External hazards are impossible to predict, but you can still take steps to mitigate their impact. Risks such as fires, floods, illness, or injury can delay project schedules and affect results. Put safeguards in place to minimize their effects.
Imagine a Florida-based company that has a production warehouse. This company has a plan in place to anticipate bad storms during hurricane season. They have a thorough employee evacuation plan, a business continuity plan, and a plan to move critical equipment further inland in the event of a large storm. They also have a policy of monitoring weather events as they occur and the ability to pivot midday to avoid employee injury and equipment destruction. Finally, they also invest in the best hurricane insurance available.
External hazards can wreak havoc on a company’s operations and affect all facets of a business. It is critical to anticipate what you can and to have an emergency fund and insurance for the things you can’t. Many businesses that skimp on preventative investment often end up paying more when emergencies arise.
As technology and processes become more complex, more conditions could trigger risk events. IT risks center around gathering, storing, and protecting sensitive data, as well as maintenance of both hardware and software used by a company.
Ross Jurewitz, Founder and Managing Attorney of Jurewitz Law Group, describes a scenario in which risk management processes saved his company from a potential IT crisis. “We once had an employee quit in the middle of a project,” he says. “They left very suddenly and deleted all of the data on their computer before going. Due to an oversight, they had been the only person with that vital information, and at first, I got into a panic thinking that we had lost the sensitive information of a client. Luckily, one of the risk mitigation protocols that we had implemented was an external hard drive that kept everything saved or deleted on the computer within it. We were able to recover all of the lost information from there and continue the project with the client on schedule.”

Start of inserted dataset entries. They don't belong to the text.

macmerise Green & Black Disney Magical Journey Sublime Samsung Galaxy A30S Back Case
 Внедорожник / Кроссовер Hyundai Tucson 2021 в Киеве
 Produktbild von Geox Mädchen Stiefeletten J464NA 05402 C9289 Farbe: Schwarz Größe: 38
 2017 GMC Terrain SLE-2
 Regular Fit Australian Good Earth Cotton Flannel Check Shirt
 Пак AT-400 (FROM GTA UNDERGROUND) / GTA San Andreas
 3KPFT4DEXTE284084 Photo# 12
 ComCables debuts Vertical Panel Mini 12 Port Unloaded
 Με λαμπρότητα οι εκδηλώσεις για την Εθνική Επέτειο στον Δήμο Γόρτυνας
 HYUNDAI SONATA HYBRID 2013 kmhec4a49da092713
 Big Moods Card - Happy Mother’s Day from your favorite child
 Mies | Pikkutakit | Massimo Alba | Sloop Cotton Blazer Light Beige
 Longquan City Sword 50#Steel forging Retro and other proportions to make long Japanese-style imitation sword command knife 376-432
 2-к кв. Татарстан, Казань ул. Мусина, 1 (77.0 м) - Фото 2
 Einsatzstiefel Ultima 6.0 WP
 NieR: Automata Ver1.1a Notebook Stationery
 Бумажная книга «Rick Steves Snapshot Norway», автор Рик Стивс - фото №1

One of the best ways to mitigate IT risks is to back up data regularly and ensure that all computers and applications are up to date. For both hardware and software risks, train your staff on the use of all equipment and applications, and provide resources where they can find answers to common questions on their own. In a large enough company, you may consider hiring a highly knowledgeable person or department to serve as the authority on IT-related issues.
Construction of any kind is an expensive and time-consuming process that comes with many inherent risks. A construction project plan that doesn’t include risk mitigation strategies can cost builders and their clients significant time and money.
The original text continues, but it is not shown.